Destruir

La creatividad a menudo se asocia con el acto de construir, pero, ¿es posible encontrar momentos de creatividad en la destrucción? ¿Se puede aprender de ella?

Me entretengo mucho observando a mi hijo mientras juega a destruir cosas. Es un proceso entretenido: primero mi hijo se tiene que poner a jugar, y luego yo tengo que ponerme a hacer algo (quitar el polvo, fregar los platos, organizar cajones) que me permita observar sin llamar la atención; si descubre que estoy simplemente mirando, la curiosidad que le despierta mi espionaje suele poner fin a todo el proceso. De un tiempo a esta parte le gusta mucho hacer construcciones con unas piezas tipo Lego pero de gran tamaño. El método al que ha llegado es bastante infalible: hace una base con las piezas más largas, primero, y sobre ella levanta el resto de la obra (a veces «casa», a veces «castillo», a veces «puente»; ayer era «una máquina»). La base le da estabilidad al conjunto. Está bien pensado. Normalmente, cuanto más se alejan las piezas de la base más irregular es la construcción; para colmo, hay un tipo de pieza que por abajo se encaja en dos protuberancias pero por arriba solo tiene una, en medio, una circunstancia que supone un pequeño desafío para mi hijo, aún muy pequeño.
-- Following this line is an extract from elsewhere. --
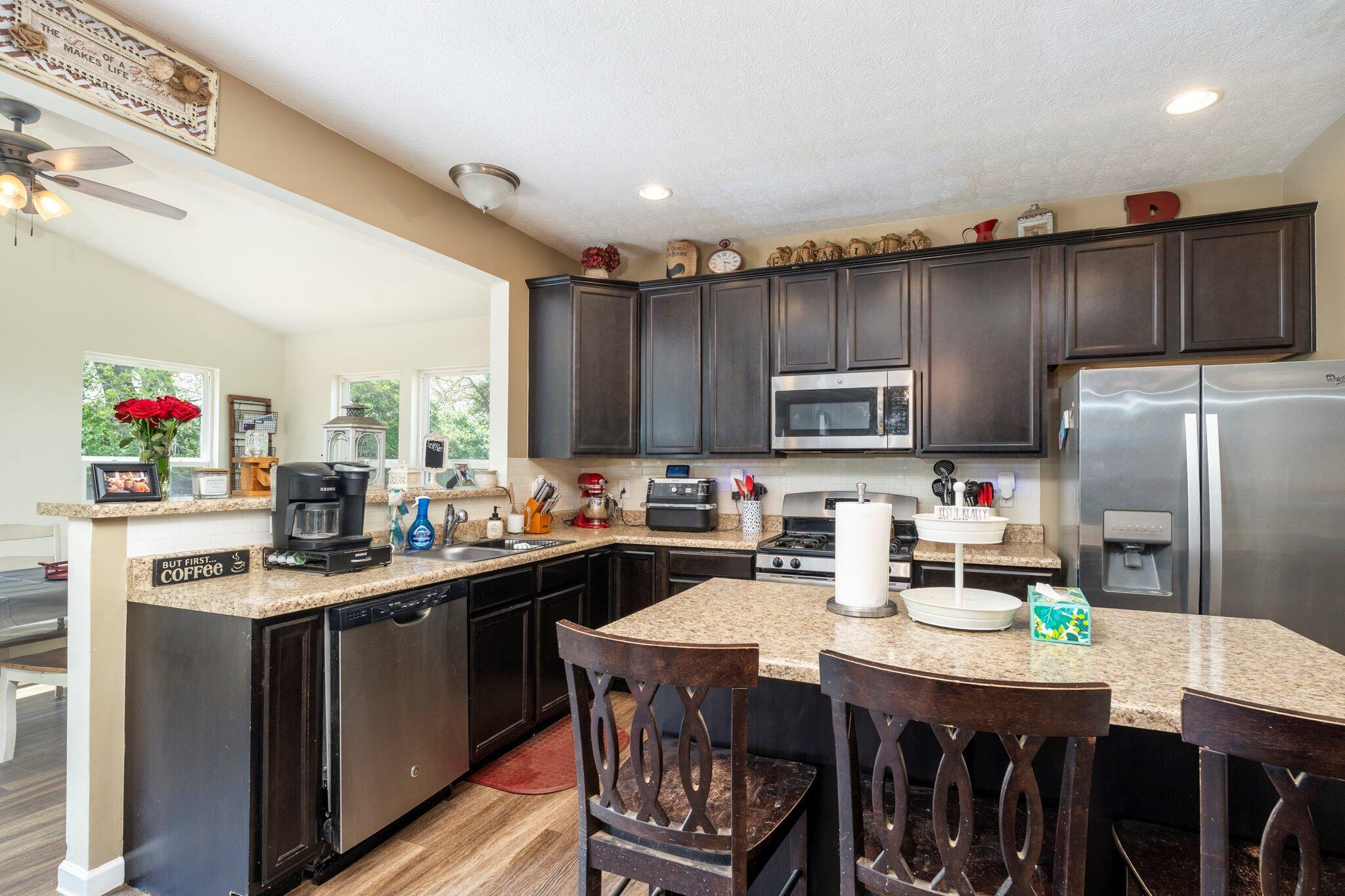 447 Wingate Place, Mount Sterling, Ohio image 15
Su manera de superar el reto es simplemente forzar la conexión con la siguiente pieza inclinando la construcción y que sea lo que Dios quiera. Es por este tipo de licencias creativas por lo que a medida que se aleja de la base el asunto va perdiendo estabilidad.
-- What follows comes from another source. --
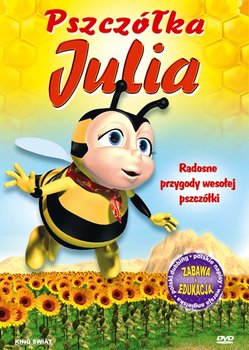 Pszczółka Julia - Modugno Paolo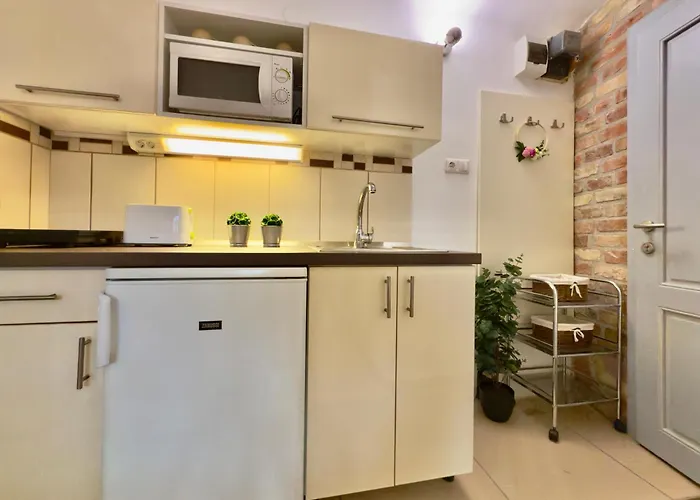Apartament Hangulat Eger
Al principio, esta insistencia en someter la construcción a sus deseos me incomodaba mucho, sobre todo por el contraste que hay con la base y su apuesta decidida por la estabilidad. Cuando la cosa gana cierta altura (llega a construir «castillos» o «puentes» tan altos como él, a veces incluso más), algo en mi podrido cerebro adulto me pone en alerta en cuanto veo que un paso mal dado o un movimiento peor calculado que el resto podría poner en peligro todo el tinglado. Creo que no es por evitarle el disgusto a mi hijo sino por algún impulso atávico que no logro comprender del todo. Lo cierto es que mi hijo tiene planes muy distintos para sus cada vez más ambiciosas construcciones. Una vez que cada pieza está puesta en su sitio (o en el sitio en el que la ha forzado a estar, como mínimo), se levanta, la mira, da un par de vueltas a su alrededor, estudia cada lado; una vez que ha terminado su investigación, derriba su creación y empieza a reír a carcajadas, satisfecho con el Cristo que se ha montado en el salón y con el estruendo que ha formado la demolición. El juego no consistía en construir; construir era solo un medio: el fin era destruir lo construido.
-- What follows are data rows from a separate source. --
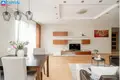 Mieszkanie 3 pokoi 81 m² Wilno, Litwa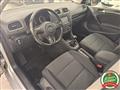 VOLKSWAGEN GOLF 2.0 TDI 110CV DPF 5p. Comfortline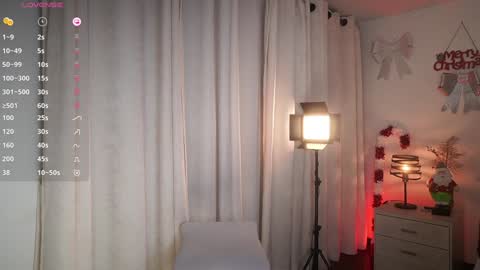 Ximena cortez online show from 12.15.24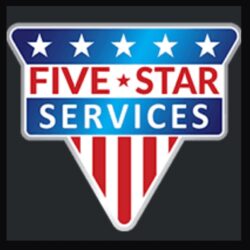 Five Star Moving Crew in Kenosha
Esta afición (¡o apetito!) por la destrucción me resultó curiosa por coincidir en el tiempo, casualidades de la vida, con un breve pero intenso escarceo con Red Faction: Armageddon, el clásico de Volition, uno de esos juegos medianos de la generación de Xbox 360 y PS3 de los que tengo buenos recuerdos, seguramente mejores de los que merecen. La cosa va de liberar Marte, básicamente; los porqués son lo de menos ahora mismo, aunque hay alguna misión y alguna idea interesantes por ahí. Me quiero centrar en la destrucción. Siguiendo la estela de sus predecesores (Armageddon es el cuarto de la serie), la simulación de daños en estructuras es una de las claves del juego, y una parte importante de su diseño de niveles: aunque tu arsenal no es precisamente pequeño, las fuerzas enemigas te suelen superar en número y las posibilidades de salirte con la tuya sin recurrir a trampas y encerronas es más o menos pequeña; además, y sobre todo jugando en 2022, los disparos son horribles, nada precisos y nada satisfactorios, y sospecho que aunque en 2011 no me importara tanto también en su día era, hablando en plata, una mierda. No pasa nada. Lo divertido aquí está en planificar y llevar a cabo misiones suicidas, operaciones catastróficas que a menudo salen mal, explotando la simulación de daños y dejando que sea el azar el que decida el resultado final. Si hay varios rehenes en un edificio esperando a ser rescatados, ¿qué tal si abrimos un boquete en alguna pared e intentamos conseguir que escapen por ahí? Es probable que los cascotes acaben matándolos, pero no se pierde nada por probar. Si el objetivo es derribar una estructura enemiga clave, ¿qué tal si pegamos en un camión tantas minas por control remoto como sea posible, lo estampamos contra el edificio y salimos por patas mientras lo detonamos? Cool guys don’t look at explosions. Es probable que el plan salga mal la primera, la segunda, la tercera vez; que salga mal veinte veces hasta que finalmente cumplas la misión de una manera más ordenada y razonable, en vez de darte cabezazos contra la misma pared (casi literalmente) por si alguna vez la suerte se pone de tu lado, ¡pero qué divertido es estampar unas cosas contra otras y ver qué pasa!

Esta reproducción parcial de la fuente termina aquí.